Perihal larangan cadar itu, IAIN Bukittinggi mengatakan itu sekadar imbauan. Imbauan ini dituangkan dalam surat edaran tertanggal 20 Februari 2018 yang ditandatangani Dekan Fakultas Tarbiyah dan Ilmu Keguruan IAIN Bukittinggi. Dalam surat tersebut, pihak kampus meminta mahasiswa dan mahasiswi untuk mengenakan pakaian sesuai kode etik yang dijalankan IAIN Bukittinggi.

Di poin pertama, surat edaran meminta seluruh civitas academica bersikap sopan santun. Poin kedua menjelaskan aturan berpakaian bagi mahasiswi, yakni memakai pakaian longgar, jilbab tidak tipis dan tidak pendek, tidak bercadar atau masker atau penutup wajah, dan memakai sepatu dan kaos kaki.

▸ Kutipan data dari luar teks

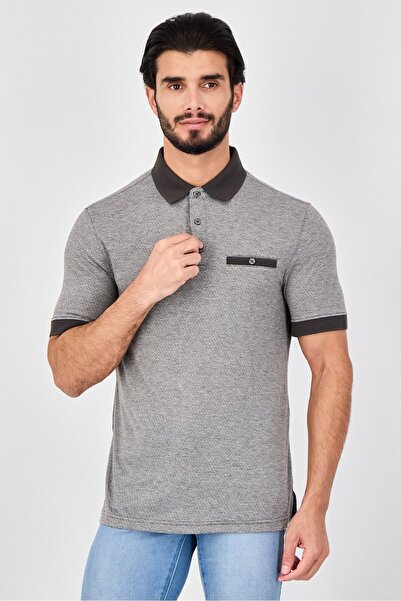 Thomas Sterling Men Regular Fit Short Sleeve Allover Print Polo Shirt, Dark Grey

Sementara, di poin ketiga diperuntukkan bagi mahasiswa, yakni memakai celana panjang bukan tipe celana pensil, baju lengan panjang atau pendek bukan kaus, rambut tidak gondrong, dan memaki sepatu serta kaus kaki. "Bagi yang tidak mematuhi tidak diberikan layanan akademik," tulis surat edaran tersebut. Aturan serupa juga diterapkan kepada pihak dosen.

Meski begitu, pihak kampus menampik bahwa kebijakan ini merupakan bentuk larangan bagi mahasiswi dan dosen untuk mengenakan cadar. Alih-alih menggunakan kata larangan, pihak kampus menegaskan bahwa kebijakan ini merupakan imbauan untuk kondusivitas proses belajar-mengajar.

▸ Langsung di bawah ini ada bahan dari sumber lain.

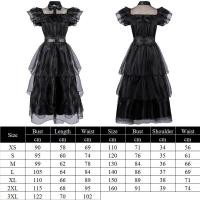 ราคา The Addams ชุดชุดคอสเพลย์ผู้หญิงของครอบครัวผู้หญิงชุดเดรสสีดำ ROK Kasa เด็กผู้หญิงเด็กน้อยวินเทจชุดเดรสโกธิคชุดราตรีวันเกิด (17573884782)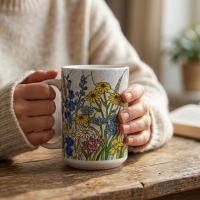 Set of Big Mugs, Floral Cup Set, Large 15 oz Matching Cups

Kepala Biro Administrasi Umum Akademik dan Kemahasiswaan IAIN Bukittinggi Syahrul Wirda menjelaskan, hingga saat ini pihak kampus tidak menerbitkan aturan yang melarang penggunaan cadar. Bagi pihak kampus, aturan yang dijalankan merupakan upaya persuasif bagi dosen dan mahasisiwi untuk menjalankan kode etik.

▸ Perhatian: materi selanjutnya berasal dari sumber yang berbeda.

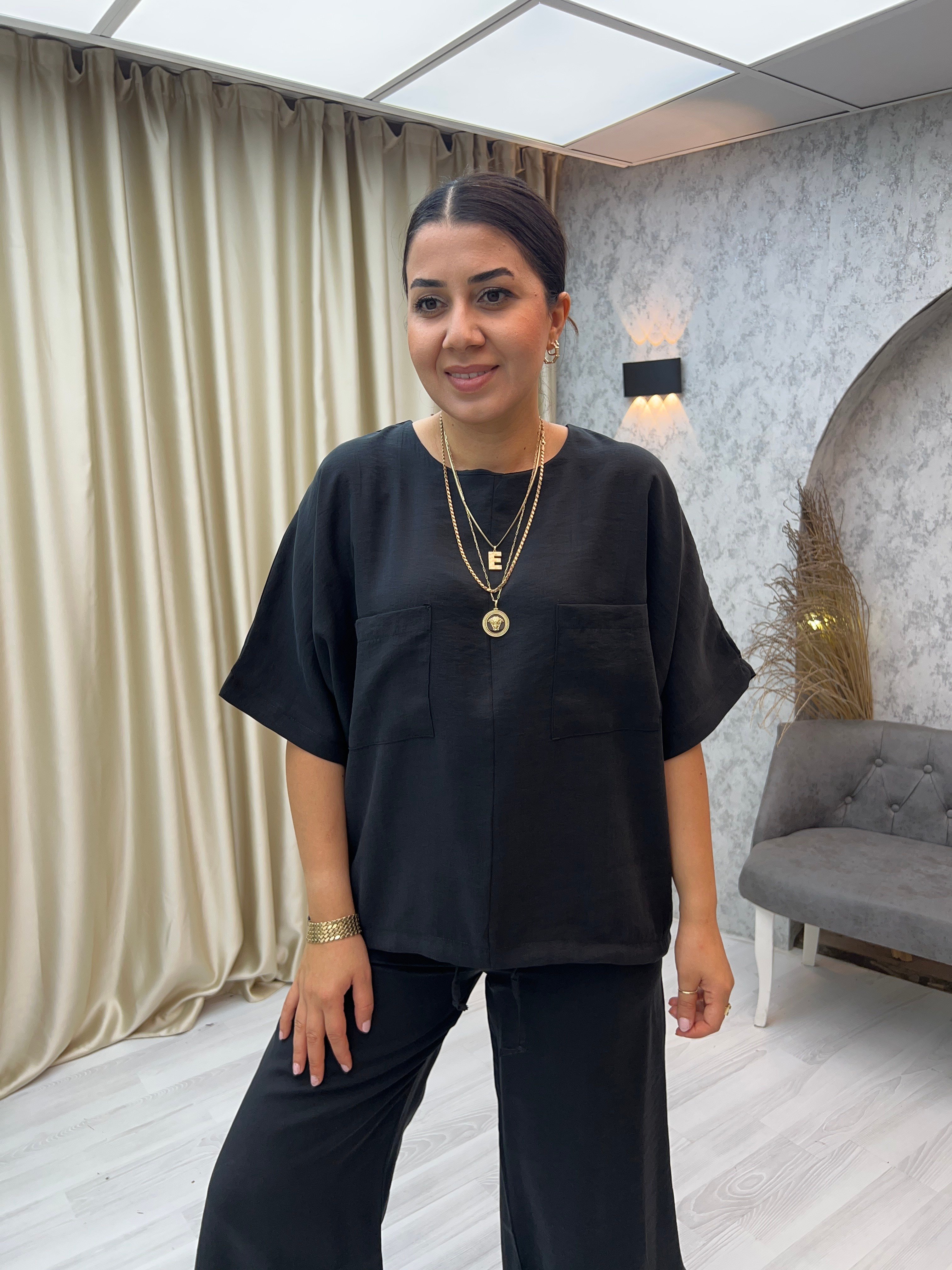 Zr Yırtmaçlı Pantolon Bluz Takım Siyah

"Bukan melarang, tapi mengimbau. Untuk ketentuan pedagogi kita. Kan enggak seluruhnya mahasiswa ingin diajar oleh yang bercadar. Yang kami minta pakaian Muslim dan yang biasa. Tapi kalau keluar ajaran Islam, pakaian ndak sopan ya jangan," ujar Syahrul.

Terkait dengan kasus penonaktifan salah satu dosen, Syahrul juga membantahnya. Menurut dia, dosen atas nama Hayati Syafri bukan dinonaktifkan, melainkan diberi kesempatan untuk membuka cadarnya.

Syahrul mengungkapkan, permintaan pihak kampus kepada Hayati untuk membuka cadarnya bermula dari keluhan beberapa anak didik yang merasa tidak nyaman diajar oleh dosen yang bercadar. "Ada beberapa anak didik yang membuat surat bahwa perlu untuk tertibkan saja. Enggak efektif dari segi pedagogi. Kan enggak nampak sebagai guru," kata Syahrul.

Syahrul menambahkan, pihak kampus tidak ingin secara gegabah memberhentikan dosen atau mahasiswi yang bercadar dari kegiatan belajar-mengajar di IAIN Bukittinggi. Catatan kampus, hingga tahun 2017 terdapat tiga mahasiswi yang mengenakan cadar.

Namun, sampai saat ini, lanjutnya, pihaknya terus melakukan langkah persuasif agar ketiganya melepas cadarnya. "Secara persuasif akan kami coba ke mereka untuk taati aturan," katanya.